For writers and readers, the devil
is not in the details, the world is. For far too long I have allowed myself to
believe something I heard repeatedly but never questioned; that being, too many
details in writing was the mark of an amateur. They just weren’t needed. They
killed the story I was told. They were boring, just a fill factor. What a
surprise I had when I read Chapter Three - Details, Details in Alice LaPlante’s
classic: The Making of a Story.
An unexamined belief is a guarantee
of limitation. The notions we accept without investigating are invariably those
that trip us up and hold us back. I accepted that details were something that
should be avoided, stick to the big picture I was told and then march your characters
into that and hope the reader makes that often serpentine journey with you. But
now I see how where you start each story is so significant. Do you start with
the big picture – the noble truths, the campaign, the issue that drives the
story and move to the specifics or do you begin with the specifics and then expand? If you do the latter, details are your major tools.
So do we write:
With
the beginning of World War II, Jeffrey Tomes, who had always wanted to be a soldier,
was secretly celebrating that his dream was about to come true.
Or do we write:
Jeffery
was curled in a half circle on his bed completely absorbed in a comic book he’d
found as part of someone’s weekly garbage set out in an alley he used as a
short cut to school. When he spotted a comic book on the top, he dug feverishly
through the box, rationalizing his lateness for school against the prospect of
finding one of his favorites. Three-quarters of the way down, there it was. A
Soldier of Fortune comic. What a find. Now on his bed, he licked the index finger on his left hand and stuck it on
the page corner insuring it turned without hesitation. For once the story started
to roll out, Jeffrey wanted nothing to stop it.

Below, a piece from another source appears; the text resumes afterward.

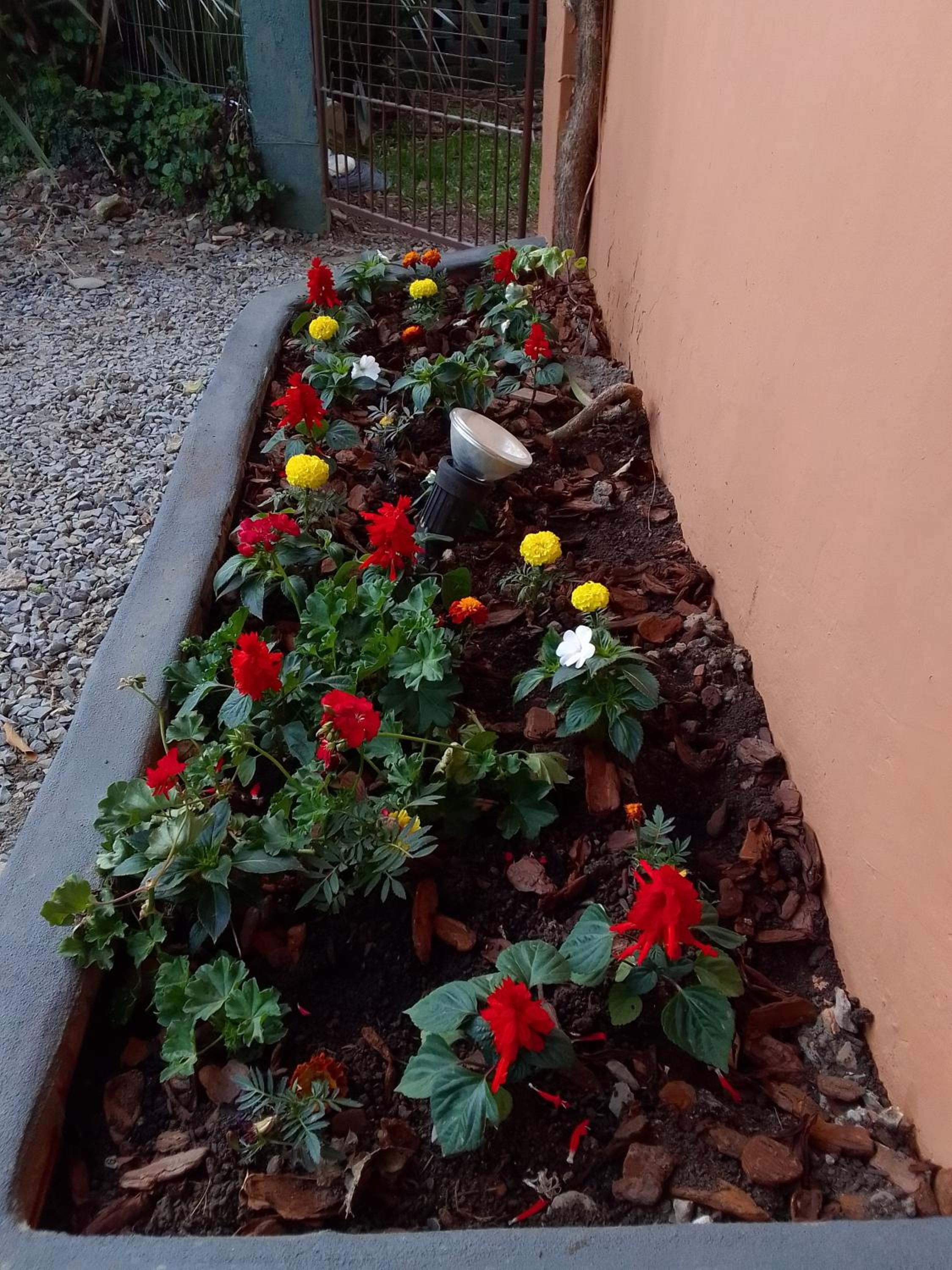 Photo 15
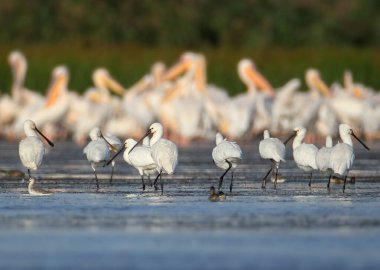 Tekler, çiftler ve bir Avrasya kaşıkçı okulu (Platalea lökosodia), Tuna Nehri 'nin mavi sularında su bitkileri arasında filme alınmıştır.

From the details, emerge the story.
From the details, emerge the characters. The details, like an old Biblical genealogy,
beget images and images deftly rendered beget familiarity and familiarity is
how a reader inserts himself into the developing story and brings with him a palette
of emotions that assures reality. The writer’s role is to get that process
started with every ounce of creativity he or she can engender.
But the message didn’t hit with its full
punch until LaPlante offered a writing exercise from John Gardner’s, The Art of Fiction. Here is that writing
exercise for you to experience first-hand what stands revealed when you are
forced to use only detail to create an image which in its own way tells the
story of a particular moment. Give it go. Here are the instructions:
Describe
a barn as seen by a man whose son has just been killed in a war. Do not mention
the son, or war or death. Do not mention the man who does the seeing. The result should be a powerful and disturbing
image, a faithful description of some apparently real barn, but one from
which the reader gets a sense of the father’s emotion; though exactly what that
emotion is he may not be able to pin down.
If you are a writer, this exercise
is definitely worth your time and effort, for if your experience is anything
like mine, you will feel like you have learned something that you could never
quite put your finger on before - what it is that master novelists are doing in
their writing that makes it so compelling.